California is the home of superheroes and action figures, thanks to Hollywood. Heck, we even had one as governor. But while superheroes are singular forces, fighting the enemy tagged as the “Public Golf Endangerment Act” (or formally “AB-672 Publicly owned golf courses: conversion: affordable housing”) will take thousands to kill. That effort is underway, and it’s a lesson about what action looks like. 


I
wrote about this in November 2021, and I thank NGCOA for being the first national publication to publish what’s identified as an existential threat to public golf. Other publications have since picked up the story, including here, here, and here. I haven’t seen it in the Daily Planet yet, but there’s still time. 


For most of the time I’ve been in the golf industry, political action was not a concern. If it was, it was at local levels, with things like taxes, zoning, chemical use, and maybe water rights. It wasn’t until 2009, 13 years ago, that the American Golf Industry Coalition (formerly WE ARE GOLF) was formed and created the first iteration of National Golf Day. The industry organized to make its presence and issues known in Washington, D.C., meeting and conversing with national elected officials and their staff. We didn’t want to be, nor should we be, ignored as a multi-billion dollar industry. National Golf Day is a day for advocacy, but a relatively passive process. 


Not so for the movement to bring down AB-672 and its evil provocateur, Assemblyperson Cristina Garcia, the Lorena Bobbitt of golf. She who threatens to cut off the head of where and how golf grows (get it?).  


Jumping into action faster than Superman in a phone booth was the Southern California Golf Association (SCGA) Public Affairs department, led by Director and political savant Craig Kessler, and his young protege Kevin Fitzgerald. They first flashed their Bat Signal across California’s golf landscape, summoning other critical golf organizations and associations: The Southern California and Northern California PGA sections, the Northern California Golf Association, the California Golf Course Owners Association, and the statewide Golf Course Superintendents Association of America sections, all members of the California Alliance for Golf (CAG), California’s golf Justice League. 


Kessler and CAG have spent years cultivating relationships in Sacramento with state legislators with help from a hired lobbying firm. Learning to thread the halls of law is an arduous task, not for the faint of heart nor the uninitiated to lawmaking. But in a decidedly blue state, darker blue than any other, 22% of the state’s golf stock was imminently threatened with destruction in favor of housing, “affordable” or other, and maybe commercial use.  

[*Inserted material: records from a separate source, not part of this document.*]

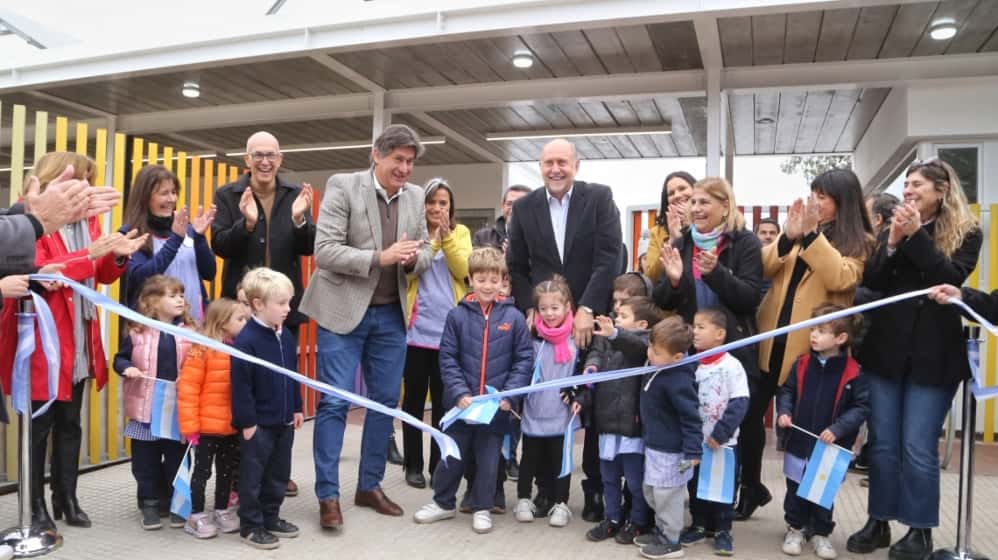 Perotti inauguró el Jardín de Infantes Nº349 en Funes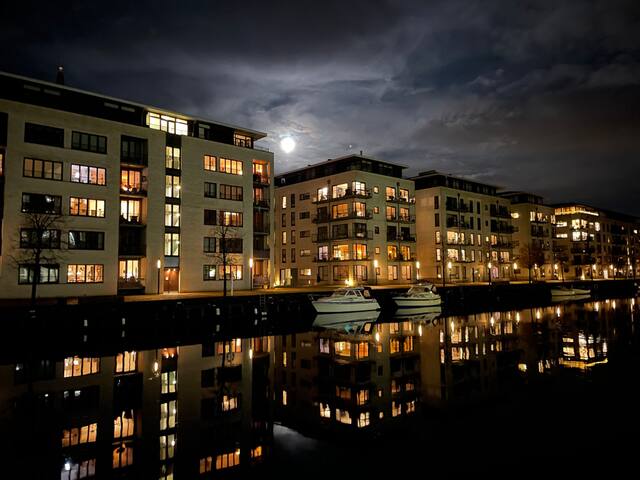 Modern apartment in city center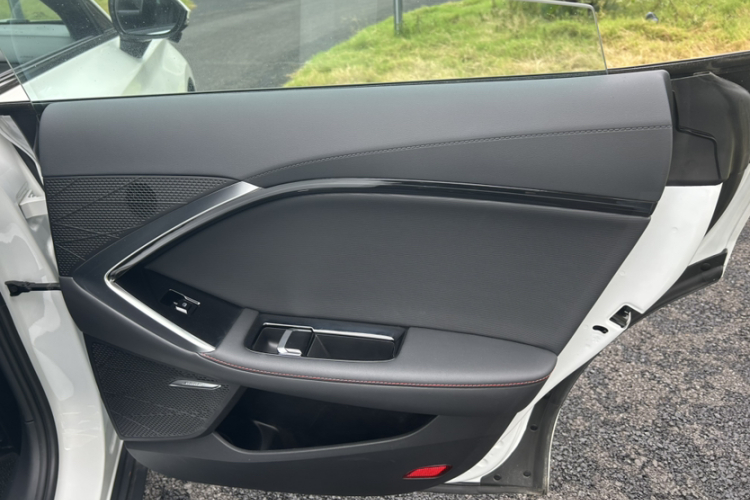 名爵 MG7 2025款 2.0T Trophy+ 超级智驾版中控内饰7007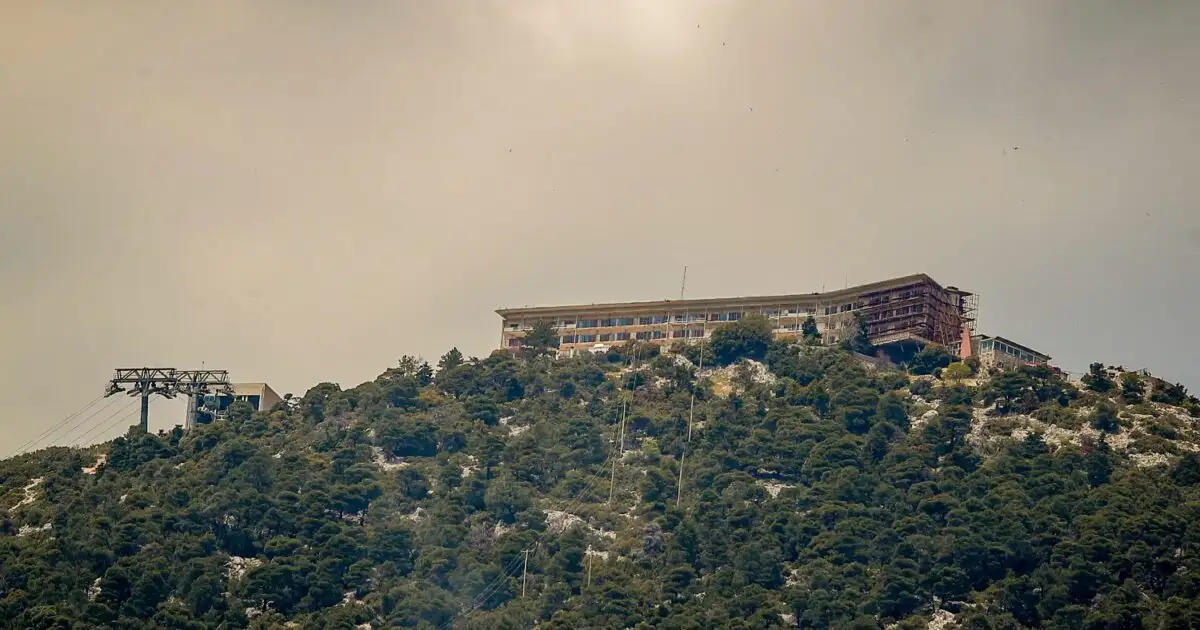 Υπό-έλεγχο-η-φωτιά-στην-Πάρνηθα-–-Πιθανόν-να-ξεκίνησε-από-καλώδια-του-ΔΕΔΔΗΕ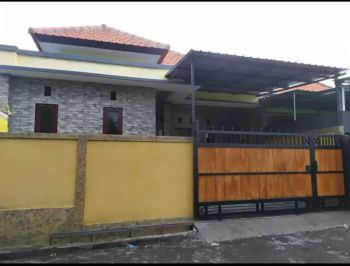 Di kontrakan rumah di kawasan Hayam Wuruk Renon Denpasar Utara bali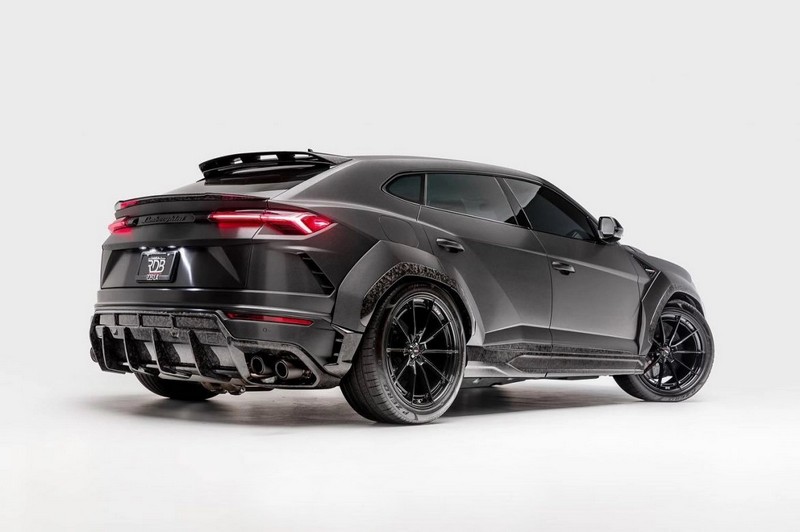 CPE 1016 Carbon Side Skirts for Lamborghini Urus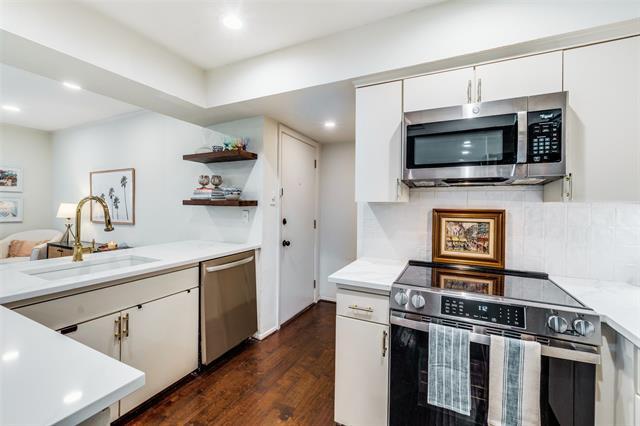 Building Photo - 6020 Birchbrook Dr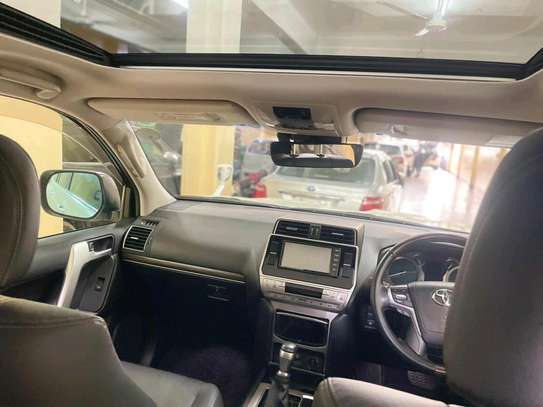 TOYOTA LANDCRUISER PRADO TX DIESEL 2020MODEL SUNROOF image 8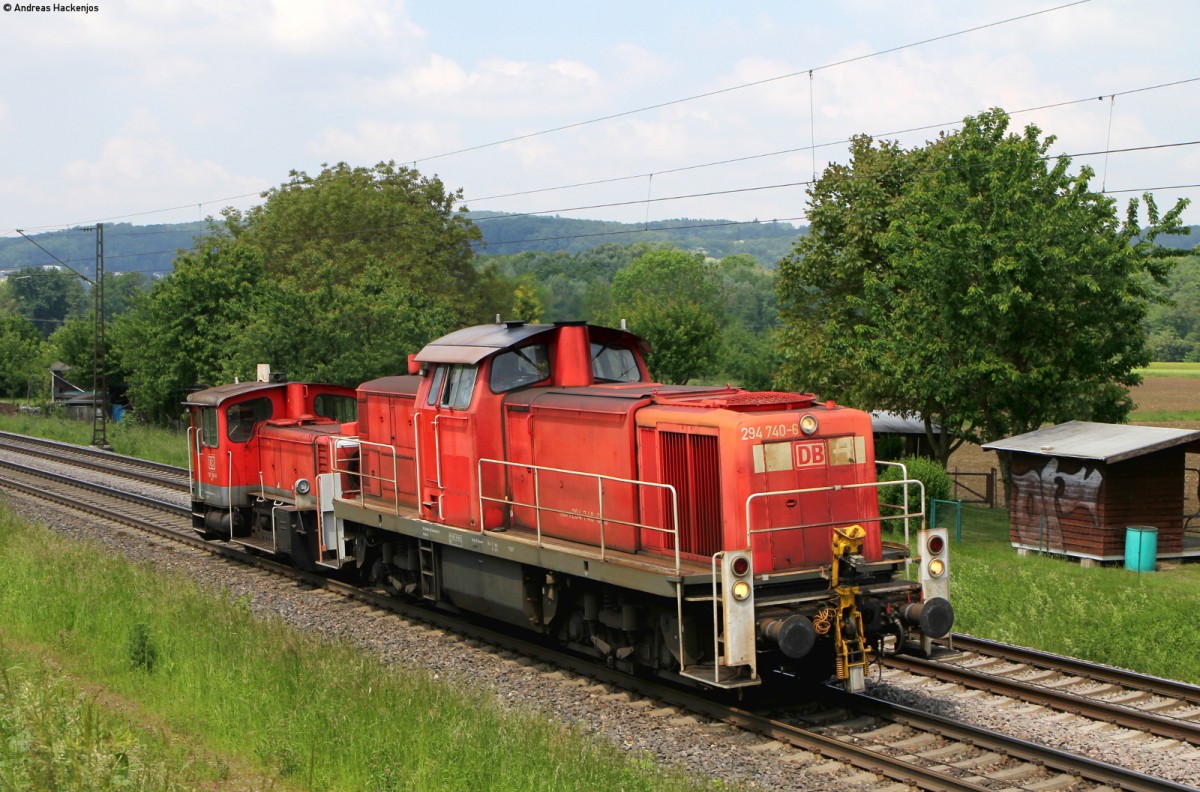 294 740-6 und 335 122-8 als T ***** (Offfenburg Gbf-Freiburg(Brsg)Hbf) bei Kollmarsreute 21.5.15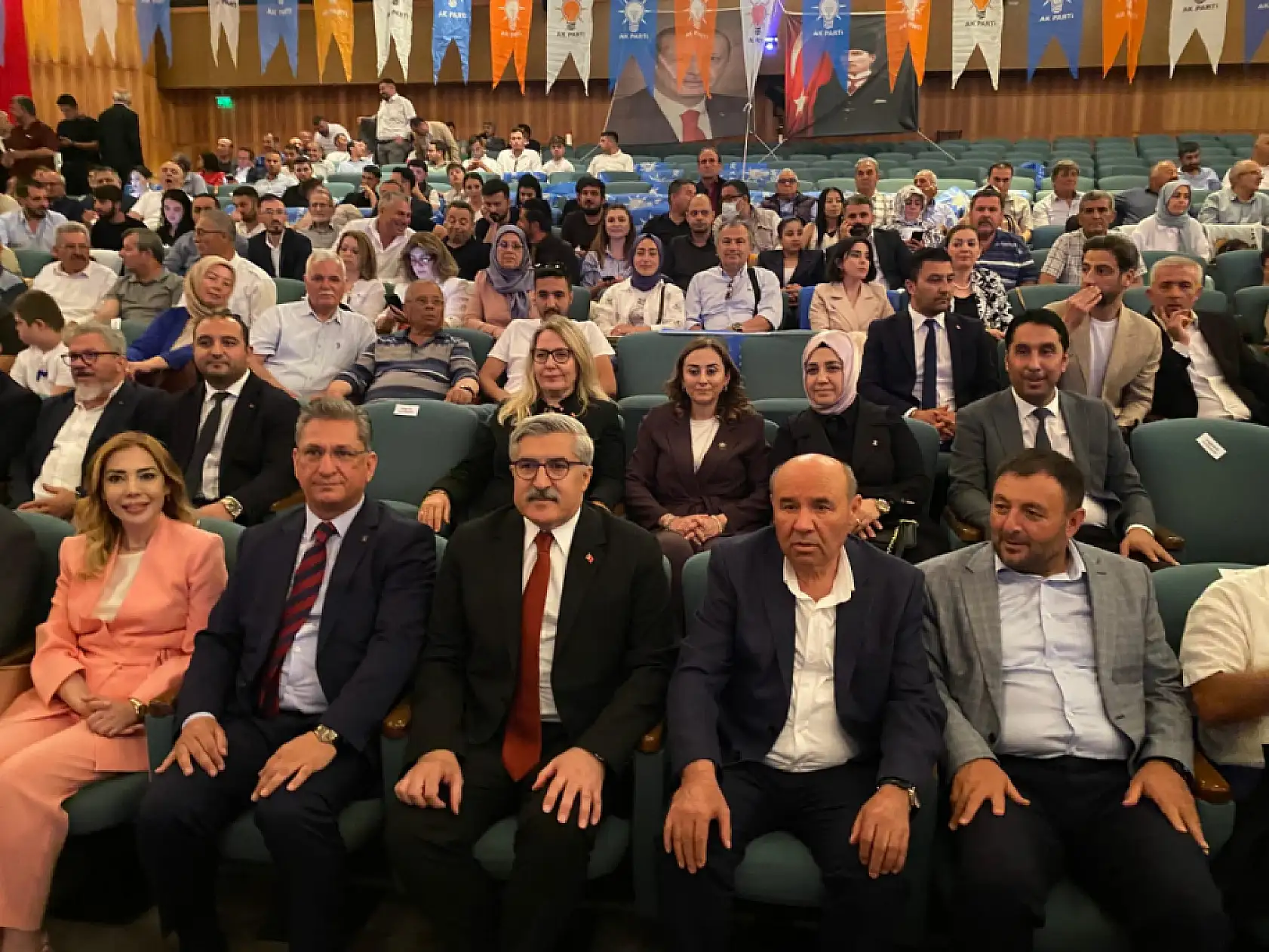 AK Parti Muğla İl Danışma Meclisi Toplantısı yoğun katılımla gerçekleşti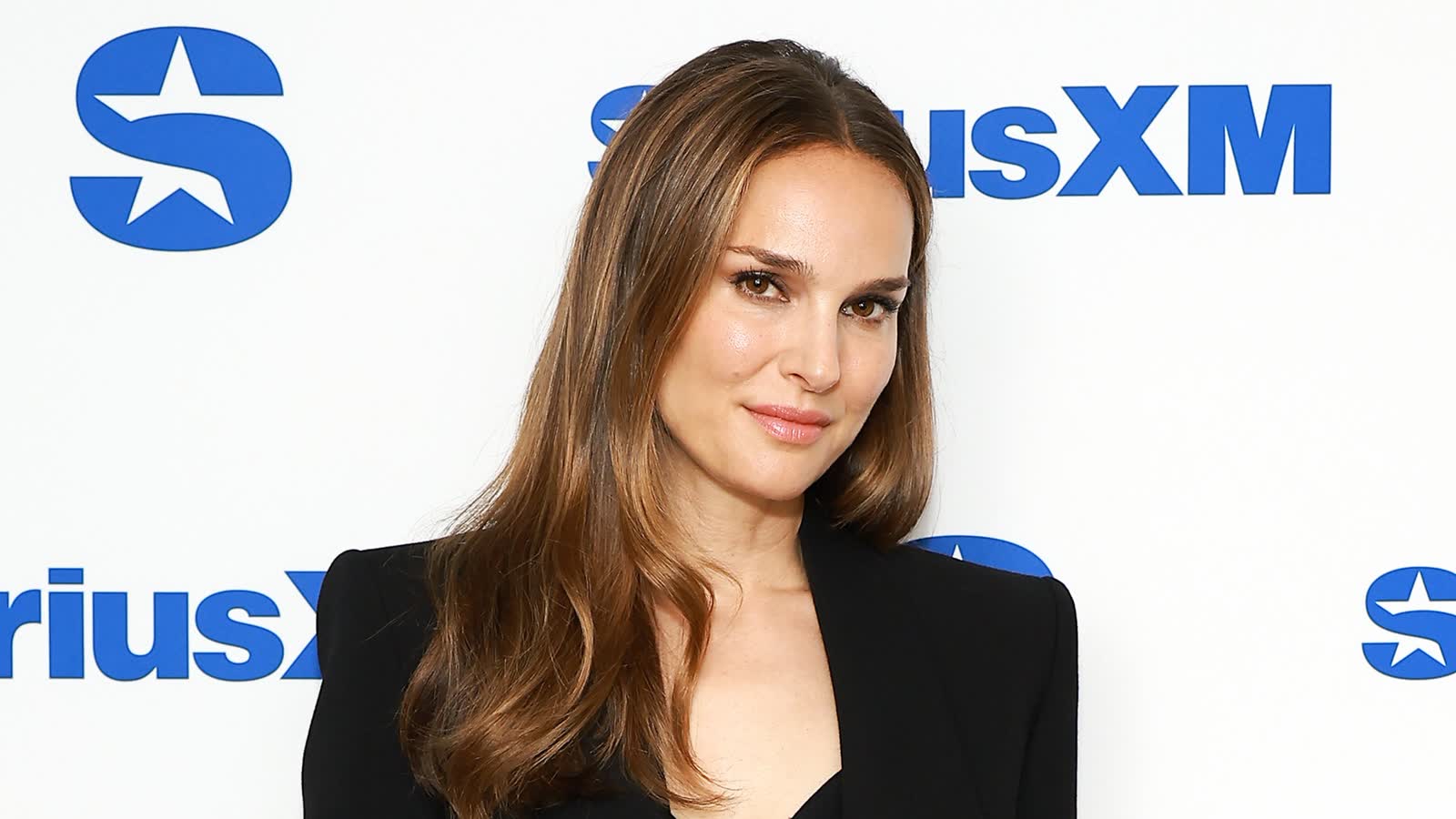 Natalie Portman trägt den perfekten Business-Look - mit kurzen Hosen und High-Heel-Sandaletten.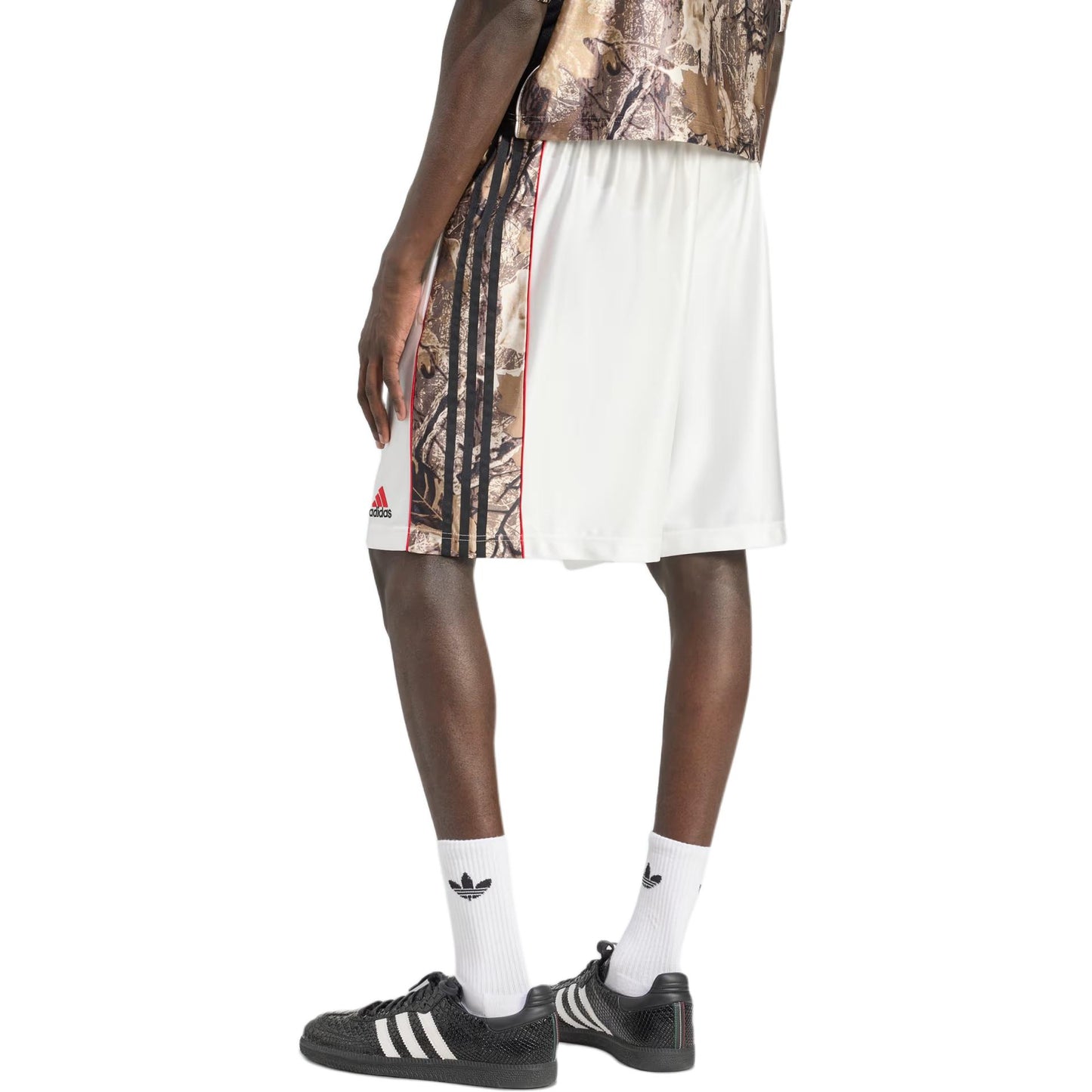 Adidas Originals SS25 Camo erkaklar sport shortilari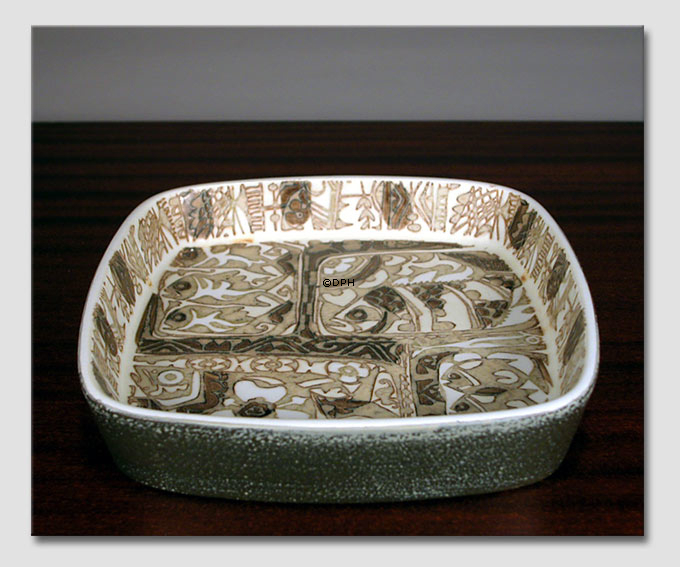 Baca Fajance skål af Nils Thorssen, Royal Copenhagen nr. 719-2883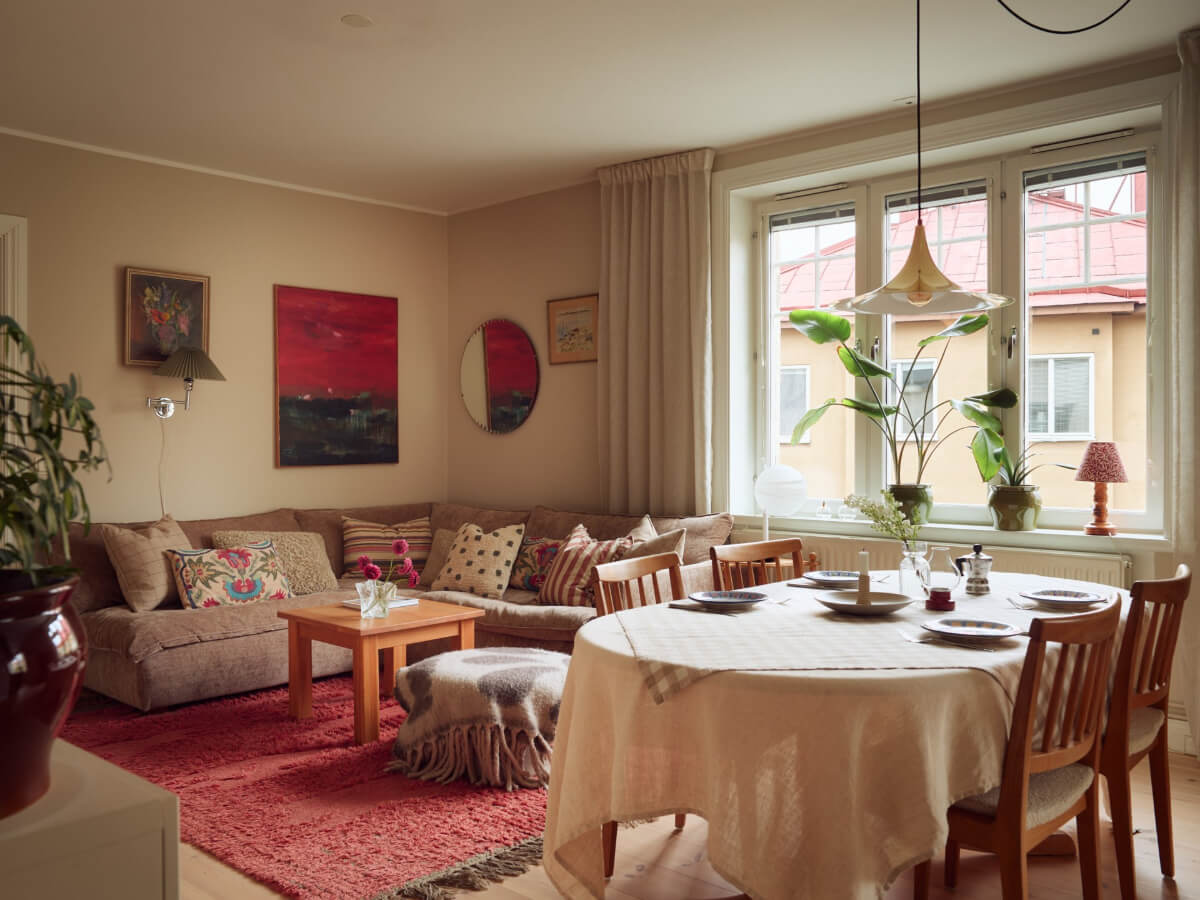 A Green Kitchen and a Pink Bedroom in a Charming Apartment 2 open plan living space red rug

More was needed than just pleadings from golf industry folks to change lawmakers’ minds, under pressure for myriad issues, from countless angles. The existential threat to golf required a mass of golfers – voters - those on the ground in every district who play and love the game. And it had to happen faster than a speeding bullet. So email was the messaging weapon of choice to reach and mobilize the state’s 2.5 million golfers. 


The SCGA led the charge, creating an informative and interactive
website that pleaded for golfers to contact their local state assembly and senate representatives to vote down AB-672. SCGA weaponized the website to make it easy for anyone to connect with just a couple of clicks. Here is your local assemblyperson’s email and phone number. Here is your state senator’s email and phone number. And here are several suggested messages you can easily cut and paste into the body of the email. Bam! Boom! Holy mass movement, Batman. 


The result was announced on January 20: “The Public Golf Endangerment Act (AB 672) died in the Assembly Appropriations Committee today in large part due to the thousands of California golfers who took the time to send letters and make calls to their legislators – that and the usual behind the scenes work and solid argumentation that always accompanies any successful effort in the public arena.” 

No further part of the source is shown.